Polisi menyelidiki kasus reklamasi sejak 14 September lalu. Menurut Adi, penyelidikan dimulai setelah Menteri Koordinator Kemaritiman Luhut Binsar Pandjaitan mencabut sanksi dan moratorium terhadap pengembang Pulau C, D, dan G. "Kami selidiki hal-hal yang kurang tepat atas pencabutan moratorium tersebut," kata Adi kala itu.
Polisi menggunakan Undang-Undang Nomor 1 Tahun 2014 tentang Pengelolaan Wilayah Pesisir dan Pulau-pulau Kecil sebagai pijakan penyelidikan. Pasal 16 undang-undang tersebut menyebutkan, setiap pemanfaatan ruang laut harus mendapat izin lokasi dari Kementerian Kelautan dan Perikanan. Izin lokasi digunakan sebagai dasar untuk mengurus izin pengelolaan. Masalahnya, sampai kini Kementerian Kelautan dan Perikanan belum pernah mengeluarkan izin lokasi reklamasi Pulau C, D, dan G.
Koordinator Koalisi Selamatkan Teluk Jakarta, Tigor Hutapea, sudah mengetahui ihwal peningkatan status kasus reklamasi dari penyelidikan ke penyidikan. Namun pihaknya belum mengetahui undang-undang yang dipakai dan siapa yang dijerat dalam kasus ini. "Kami juga belum dapat undangan pemeriksaan," kata Tigor.

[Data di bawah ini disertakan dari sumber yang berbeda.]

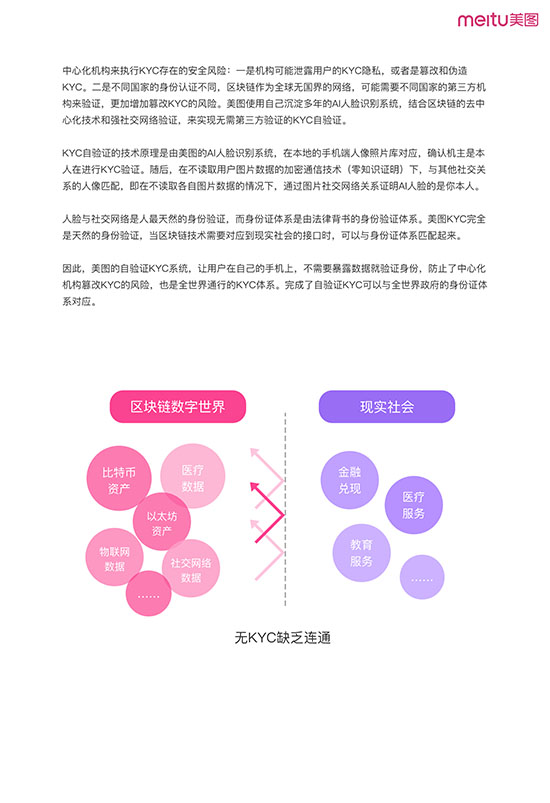 美图区块链方案白皮书-8.jpg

Baca: Derap Proyek Tak Berizin di Pulau Reklamasi Teluk Jakarta
Hal sama juga dikatakan oleh Direktur Proyek PT Muara Wisesa Samudra, Andreas Leodra. Pengembang reklamasi Pulau G mengaku mendengar informasi penyidikan kasus reklamasi dari pemberitaan media massa. Sejauh ini pihaknya belum mendapat informasi apapun dari kepolisian. "Sampai saat ini kami belum dengar apapun. Biasanya wartawan yang dengar lebih dahulu."
Di tengah penyidikan kasus reklamasi, Koalisi Selamatkan Teluk Jakarta (KSTJ) melaporkan dugaan maladministrasi penerbitan hak pengelolaan lahan (HPL) dan hak guna bangunan (HGB) pulau reklamasi ke Ombudsman Republik Indonesia. Koalisi melaporkan Kementerian Agraria dan Tata Ruang/Badan Pertanahan Nasional serta Kepala Kantor Pertanahan Jakarta Utara.
Perwakilan KSTJ dari Lembaga Bantuan Hukum (LBH) Jakarta, Nelson Nikodemus Simamora, menjelaskan penerbitan HGB dan HPL ganjil lantaran tak berlandaskan Peraturan Daerah tentang Rencana Detail Tata Ruang Kota, Peraturan Daerah tentang Rencana Tata Ruang Kawasan Strategis Kota, dan Peraturan Daerah tentang Rencana Tata Ruang Kawasan Kota. "Hal ini menandakan mereka turut serta dalam pelanggaran hukum reklamasi Teluk Jakarta," ucap dia.